WORK REQUEST: In the listing below, find the line with "3 sovrum, skrivbord, strykjärn/strykbräda" and copy every line from there up to and including the line with "Новый Полуприцеп-рефрижератор Krone", exactly and without pictures.

....

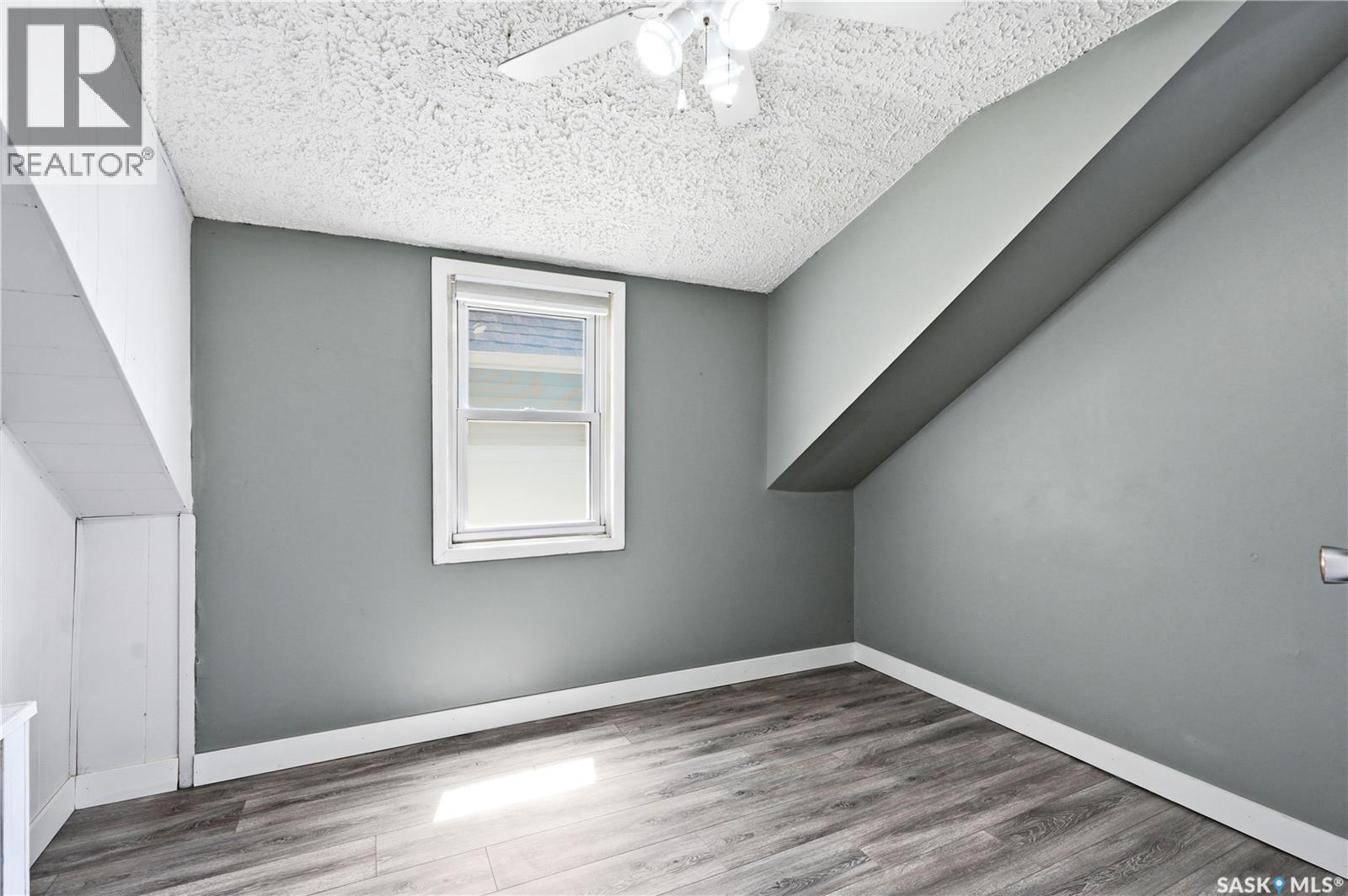 927 4Th Avenue N, Saskatoon, SK - Indoor Photo Showing Other Room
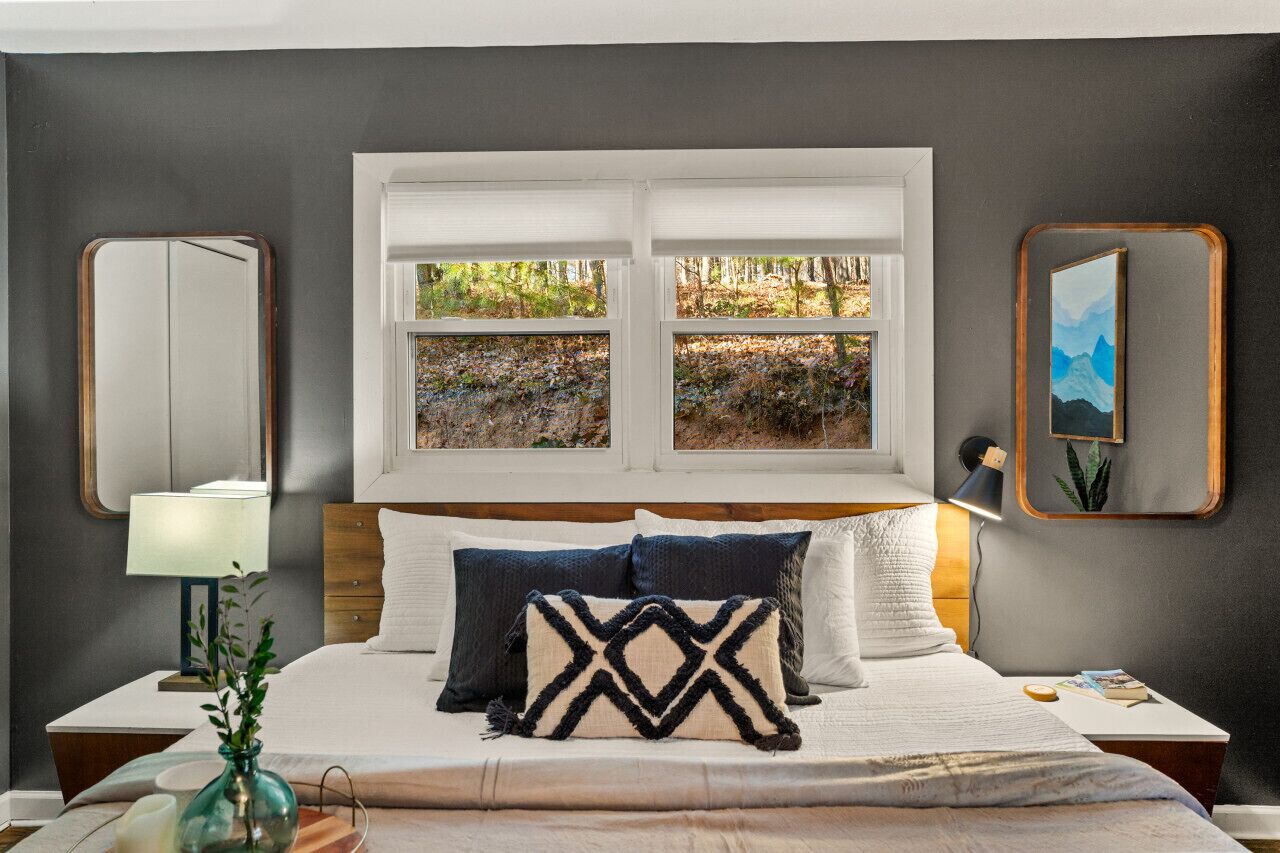 3 sovrum, skrivbord, strykjärn/strykbräda och resesäng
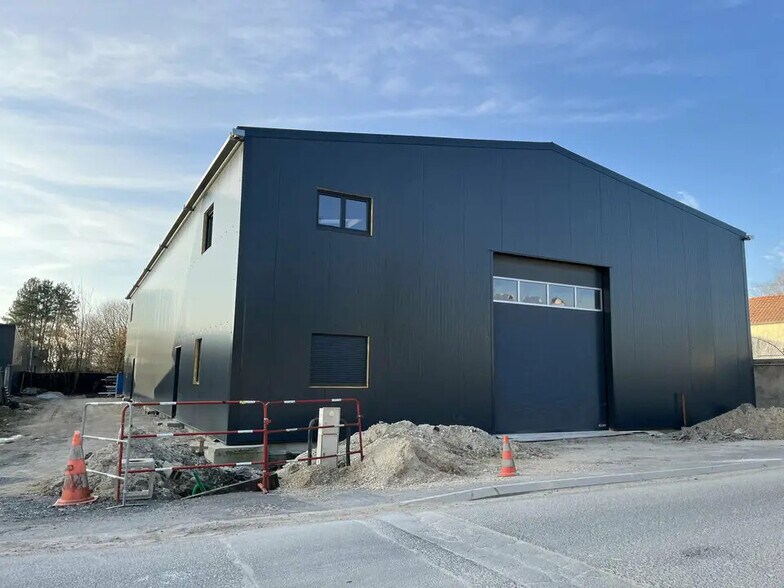 Local d’activités dans Prunay à louer - Photo de l’immeuble – Image 3 sur 3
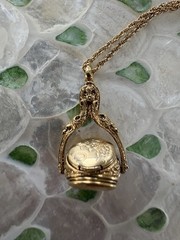 Vintage 1928 “Brand” Gold-tone 3-Sided Spin- Photo Locket Necklace 31” Chain 103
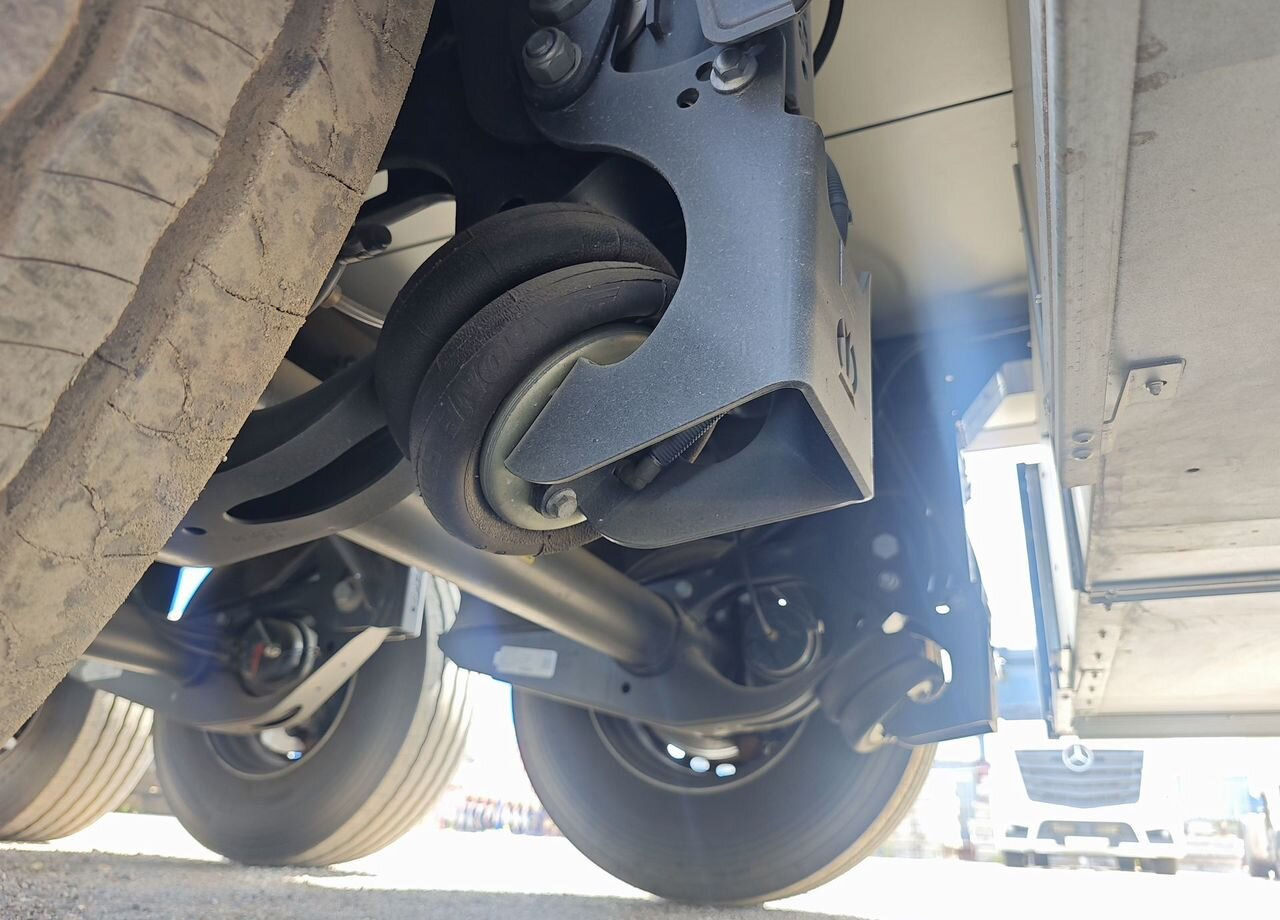 Новый Полуприцеп-рефрижератор Krone SD: фото 13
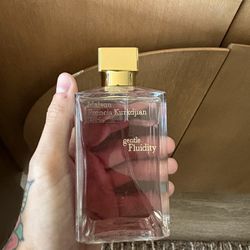 MFK Gentle Fluidity Gold - Cologne/Fragrance 200 ML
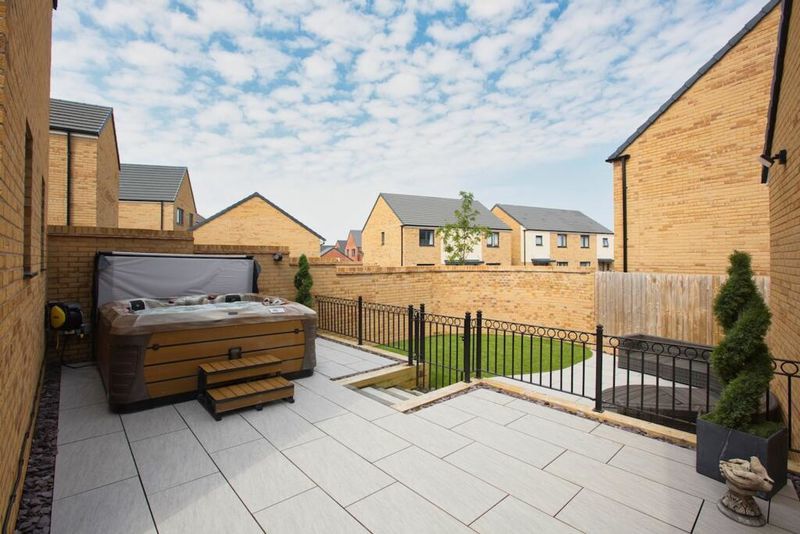 Property photo 2 of 36 Photo 51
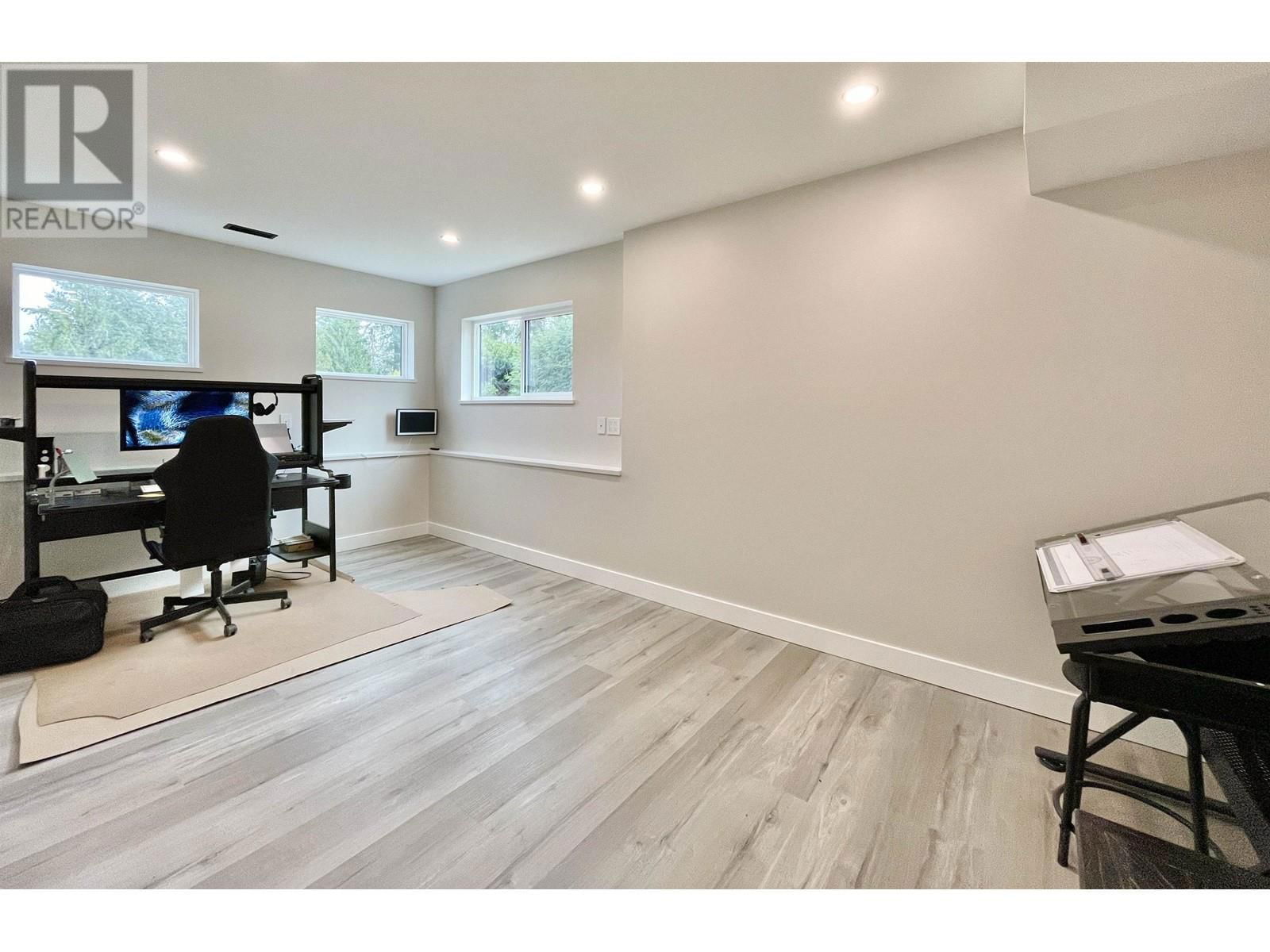 6159 GALE AVENUE Image 21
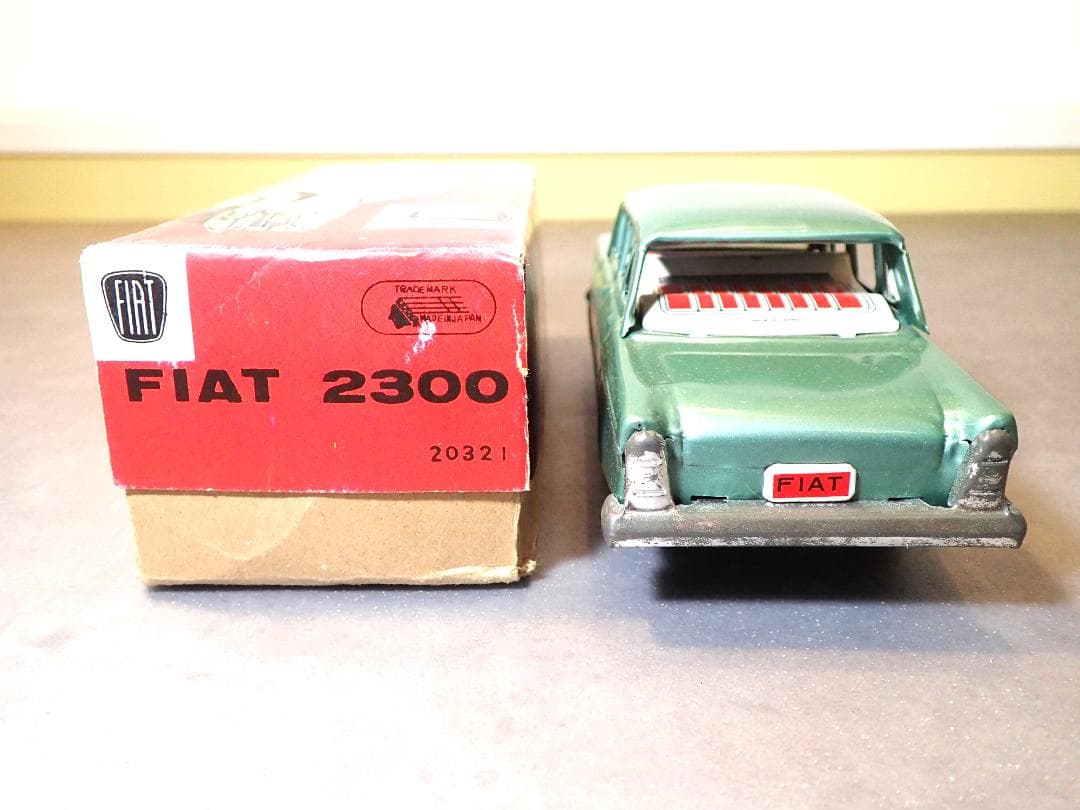 FIAT 2300 フリクションカー グリーン ビンテージブリキカー全長18㎝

....

EXPECTED OUTPUT:
 3 sovrum, skrivbord, strykjärn/strykbräda och resesäng
 Local d’activités dans Prunay à louer - Photo de l’immeuble – Image 3 sur 3
 Vintage 1928 “Brand” Gold-tone 3-Sided Spin- Photo Locket Necklace 31” Chain 103
 Новый Полуприцеп-рефрижератор Krone SD: фото 13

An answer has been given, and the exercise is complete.